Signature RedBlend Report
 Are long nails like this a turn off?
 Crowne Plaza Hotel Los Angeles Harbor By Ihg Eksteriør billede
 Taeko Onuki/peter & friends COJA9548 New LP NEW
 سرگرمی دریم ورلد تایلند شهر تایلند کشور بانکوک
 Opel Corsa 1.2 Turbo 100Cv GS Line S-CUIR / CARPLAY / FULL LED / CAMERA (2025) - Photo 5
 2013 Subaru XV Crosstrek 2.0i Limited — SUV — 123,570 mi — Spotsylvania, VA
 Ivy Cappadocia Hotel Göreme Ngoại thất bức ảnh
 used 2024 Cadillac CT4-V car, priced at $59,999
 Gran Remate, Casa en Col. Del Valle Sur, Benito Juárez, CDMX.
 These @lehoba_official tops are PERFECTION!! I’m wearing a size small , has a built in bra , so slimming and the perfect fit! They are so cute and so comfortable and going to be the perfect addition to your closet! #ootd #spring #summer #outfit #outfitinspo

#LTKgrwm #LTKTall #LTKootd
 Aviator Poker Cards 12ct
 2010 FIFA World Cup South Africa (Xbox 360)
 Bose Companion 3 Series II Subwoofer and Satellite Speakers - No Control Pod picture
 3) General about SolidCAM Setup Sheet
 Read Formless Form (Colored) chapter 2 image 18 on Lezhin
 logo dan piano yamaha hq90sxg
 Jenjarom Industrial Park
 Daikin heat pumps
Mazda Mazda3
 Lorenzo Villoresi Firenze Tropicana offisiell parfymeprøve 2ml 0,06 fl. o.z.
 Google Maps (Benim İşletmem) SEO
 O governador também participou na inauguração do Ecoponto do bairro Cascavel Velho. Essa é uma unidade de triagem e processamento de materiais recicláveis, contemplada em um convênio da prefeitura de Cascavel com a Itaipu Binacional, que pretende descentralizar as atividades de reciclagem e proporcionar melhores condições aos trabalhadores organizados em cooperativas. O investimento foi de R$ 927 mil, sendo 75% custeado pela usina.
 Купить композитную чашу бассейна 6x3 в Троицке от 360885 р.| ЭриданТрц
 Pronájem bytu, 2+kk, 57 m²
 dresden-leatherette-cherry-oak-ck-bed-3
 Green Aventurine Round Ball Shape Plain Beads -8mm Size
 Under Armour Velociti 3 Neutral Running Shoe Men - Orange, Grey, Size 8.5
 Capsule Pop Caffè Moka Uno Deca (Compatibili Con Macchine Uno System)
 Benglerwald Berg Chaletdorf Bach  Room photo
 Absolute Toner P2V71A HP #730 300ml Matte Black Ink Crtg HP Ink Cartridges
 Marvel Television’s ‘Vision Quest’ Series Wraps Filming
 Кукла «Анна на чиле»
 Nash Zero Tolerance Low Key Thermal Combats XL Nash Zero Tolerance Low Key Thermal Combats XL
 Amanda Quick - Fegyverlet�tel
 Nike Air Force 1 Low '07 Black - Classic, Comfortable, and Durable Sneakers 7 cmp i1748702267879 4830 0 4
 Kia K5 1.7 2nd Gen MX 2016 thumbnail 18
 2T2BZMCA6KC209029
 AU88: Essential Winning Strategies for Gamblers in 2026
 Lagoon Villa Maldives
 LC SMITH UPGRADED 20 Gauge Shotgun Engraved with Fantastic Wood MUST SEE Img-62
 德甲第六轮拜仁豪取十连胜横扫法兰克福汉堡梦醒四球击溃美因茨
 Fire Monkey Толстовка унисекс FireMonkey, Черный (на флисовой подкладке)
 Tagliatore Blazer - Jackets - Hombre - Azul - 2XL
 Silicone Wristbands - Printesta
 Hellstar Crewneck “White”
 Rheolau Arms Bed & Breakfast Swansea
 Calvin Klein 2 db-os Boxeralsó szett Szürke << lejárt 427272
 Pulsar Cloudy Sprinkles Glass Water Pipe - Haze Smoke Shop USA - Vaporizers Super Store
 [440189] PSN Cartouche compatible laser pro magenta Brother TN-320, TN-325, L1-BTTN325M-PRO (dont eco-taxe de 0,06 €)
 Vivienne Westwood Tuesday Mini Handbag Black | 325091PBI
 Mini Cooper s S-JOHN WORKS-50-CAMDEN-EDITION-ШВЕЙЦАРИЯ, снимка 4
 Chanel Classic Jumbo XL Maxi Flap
*-*-*
*The problem*.
Wherever the word "Hotel" occurs in the data, copy that whole line.

*Answer to this problem*.
 Crowne Plaza Hotel Los Angeles Harbor By Ihg Eksteriør billede
 Ivy Cappadocia Hotel Göreme Ngoại thất bức ảnh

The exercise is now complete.